I assume that the size difference is related to ABBY using some commercial magic to be smart about image compression
Don't assume, investigate. The PDF format is well-documented, read up on the details. Open your PDF files in an editor (or just use less) and have a look at how the pages are actually encoded, and find the difference. Or install a package like mutools with command line tools that can extract parts of the PDF file.
An image in a PDF will take up a different amount of space based on the resolution it is stored with (which may or may not be the same as the one it was scanned with), and the compression algorithm.
Standard compression according to the standard are methods are
- ASCIIHexDecode
- ASCII85Decode
- LZWDecode (Lempel-Ziv-Welch) .
- FlateDecode (zlib/deflate)
- RunLengthDecode
and a few that probably don't apply.
So find out what resolution and compression method ABBY used, then try to find tools to reproduce that (and you may need to modify existing tools if they don't do this out of the box).

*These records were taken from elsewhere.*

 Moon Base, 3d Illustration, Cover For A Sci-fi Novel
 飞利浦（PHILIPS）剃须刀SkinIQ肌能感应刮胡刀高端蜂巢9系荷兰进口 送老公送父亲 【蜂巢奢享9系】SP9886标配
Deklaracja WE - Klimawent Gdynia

From what I understand, this means that ABBY uses the JPXDecode filter with the Mask feature to encode the image, which means that I'd be looking for a linux/FOSS alternative that can do JPXDecode (JPG2000?) compression.

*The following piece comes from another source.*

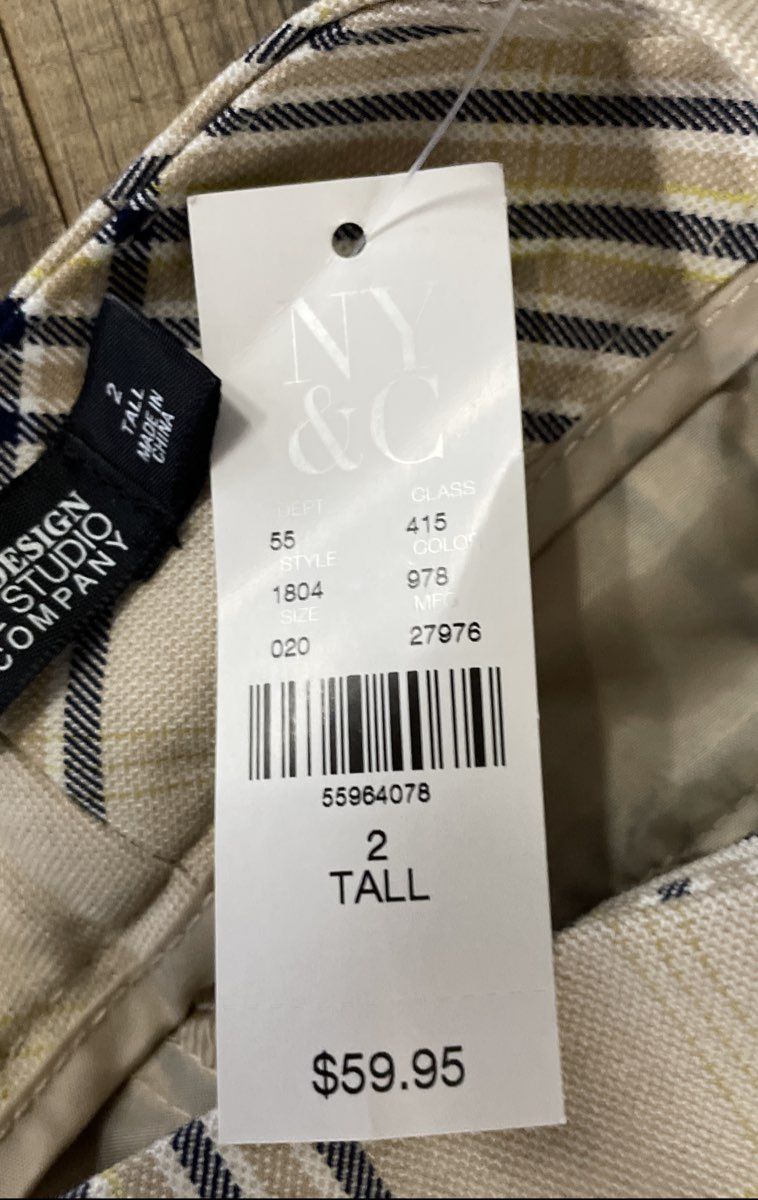 New York & Company Women's Beige Plaid Straight Leg Pants NWT Sz 2 Tall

Exactly. Note that JPG may not be the best compression method for text, because it's geared towards photos, and that means it cannot render the sharp transitions typical for text very well. On the other hand, as these are scans, the transitions may already be inherently blurred when scanning.
Note also that JPG has quite a few parameters that influence compression ratio vs. quality.

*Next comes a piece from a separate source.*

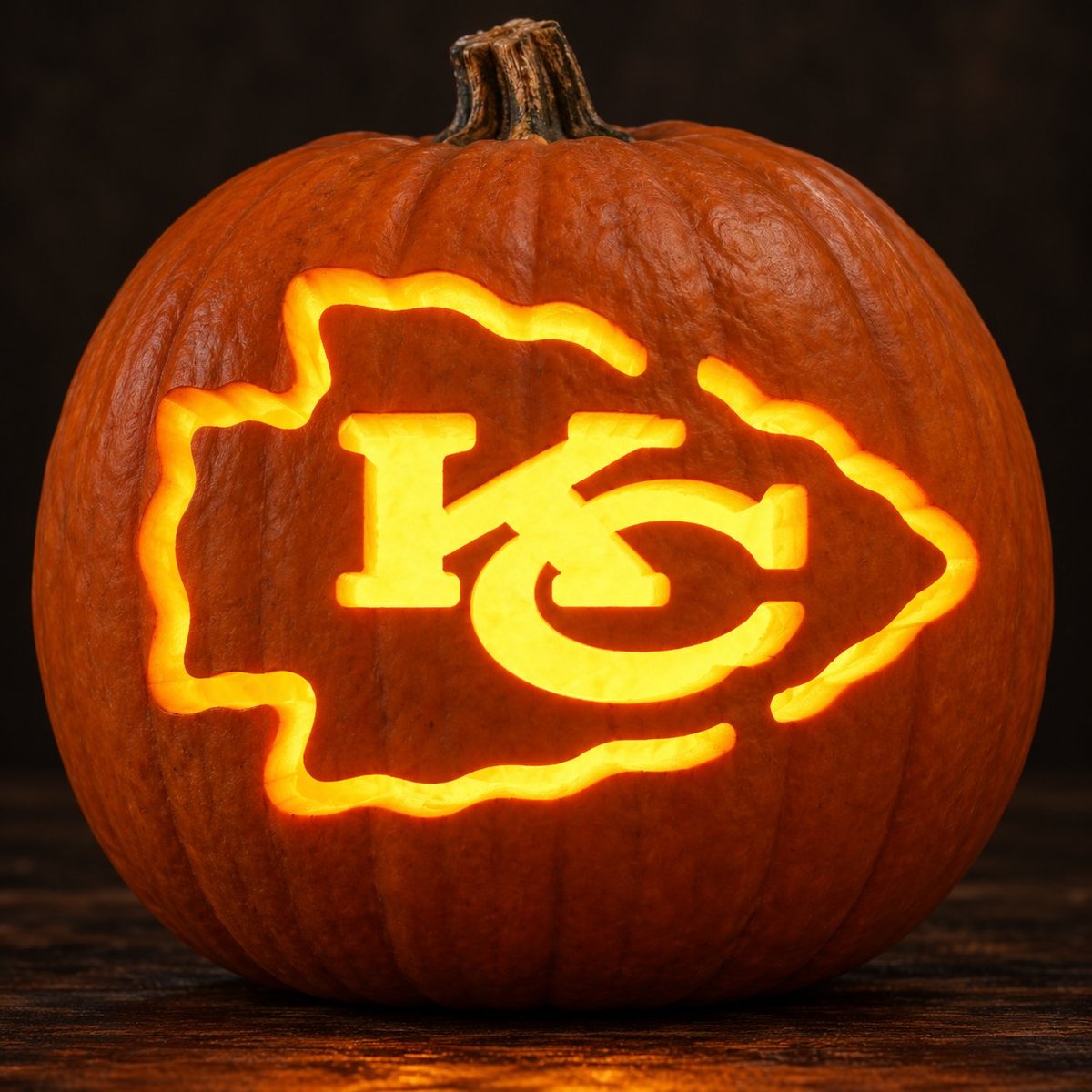 Illuminated jack-o-lantern carved with Kansas City Chiefs logo, glowing orange against dark background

So in that case, use mutools to extract a few of the images, use some other tool (e.g. mediainfo or identify -verbose from ImageMagick/GraphicsMagick) to find out the parameters of the JPG images.
Also have a very close look at the decompressed JPG image at high magnifications, and decide if the quality is good enough.
There should be plenty of open-source tools to create a JPG file from your scanned images in the desired resolution and quality, but I don't know any tool offhand that can pack them into a PDF.